Chapter 76

The strangest thing.

A funny feeling.

I bought a French passport off a guy in the Bronx, a proper professional, his ID on the darknet an alpha-numerical tangle that expired the instant he had cash in hand. He’d done a good job too, right down to stamping it with an entry visa from the Canadian border, a couple from Turkey and one from India. I complimented him on his efforts, and he shrugged, great rippling basketball shoulders, and said when he was working it was like nothing bothered him, yeah.

I went to Fifth Avenue to find something fashionable to steal, but nothing leapt to mind, and that night I went to a casino off Eighth and West 36th and counted cards and lost a little but won more, and at one point a security guard stood behind me, and counted cards with me, but someone dropped a cocktail and started screaming at the man who’d bumped into her, and that briefly diverted the guard’s attention, and when he turned back, he’d forgotten what he was doing there.

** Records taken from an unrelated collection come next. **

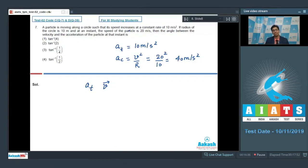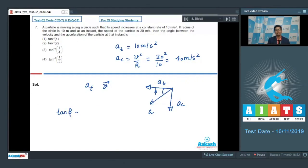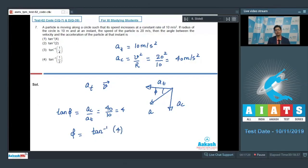The angle between the tangential acceleration and the net acceleration can be found from a vector diagram. Tangential acceleration and centripetal acceleration are mutually perpendicular since tangential and radial directions are perpendicular. The net acceleration lies between them. Using tan φ = Ac/At = 40/10 = 4, so φ = tan⁻¹(4). Therefore, the correct answer is option number 1.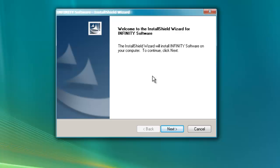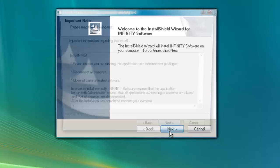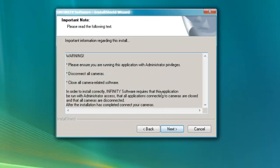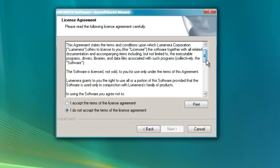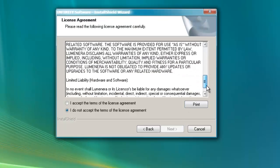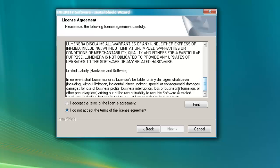Let's get going. This screen reminds you to make sure you're logged in with administrative privileges and the camera is unplugged. This screen is the license agreement. Review the agreement. Select I accept the terms of the license agreement and continue.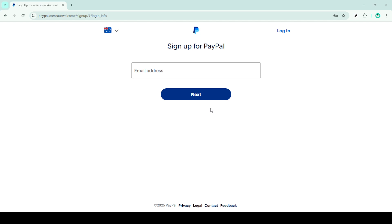If you have any questions or need further assistance, feel free to explore PayPal's help resources on their website. Thanks for tuning in and happy transacting.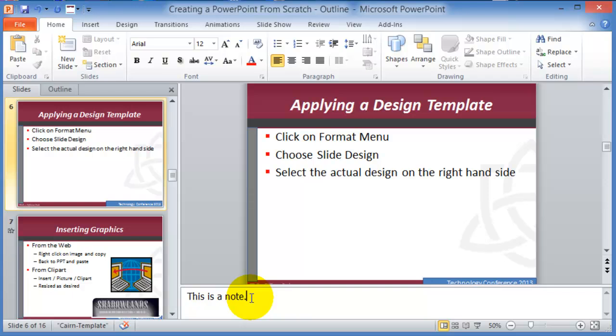You could print those out or you could use them in a dual screen monitor where the notes will be displayed on your own screen and then the audience will just see the presentation.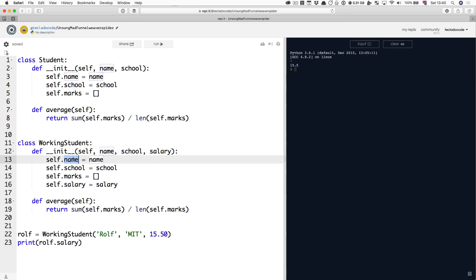Then we've created four properties, self.name, self.school, self.marks and self.salary and we've given them some values - name, school and salary. These are the parameters and empty list for marks to be initialized with.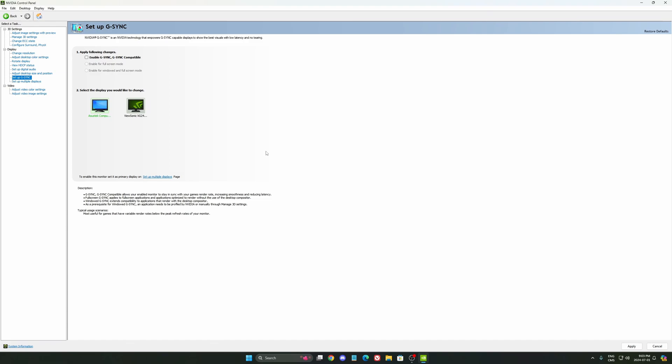So this is pretty much it, guys, for my NVIDIA control panel guide. If you have any questions, just comment in the YouTube section. Post me your GPU, what type of GPU that you have, your monitor, also your question. I will try to help you the best that I can. And don't forget to subscribe to the channel.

Standing at JFK waiting for the plane, I saw a woman with a beautiful silver bracelet set with amber, and I went to steal it, and then stopped myself, and didn’t, and sat back down, and when a few minutes later she saw me, and I smiled, she smiled back, and her day was fine.

The cashier phoned her manager when I paid for my flight to London entirely in cash, but I showed her the paperwork from the casino and explained that I’d got lucky, but never had a bank account in the USA.

“You know you can’t take all that currency across customs, don’t you?” said her manager, and that was okay, I replied, I had a friend in the British embassy who was going to handle it for me. Then I sat in the toilet and counted out $9,990 from my stash, put the rest ($2,681.55) in a brown envelope and dropped it into the donations box for “Bioliving New York — for a greener city for all our children”. They stopped me at customs, and counted out my cash.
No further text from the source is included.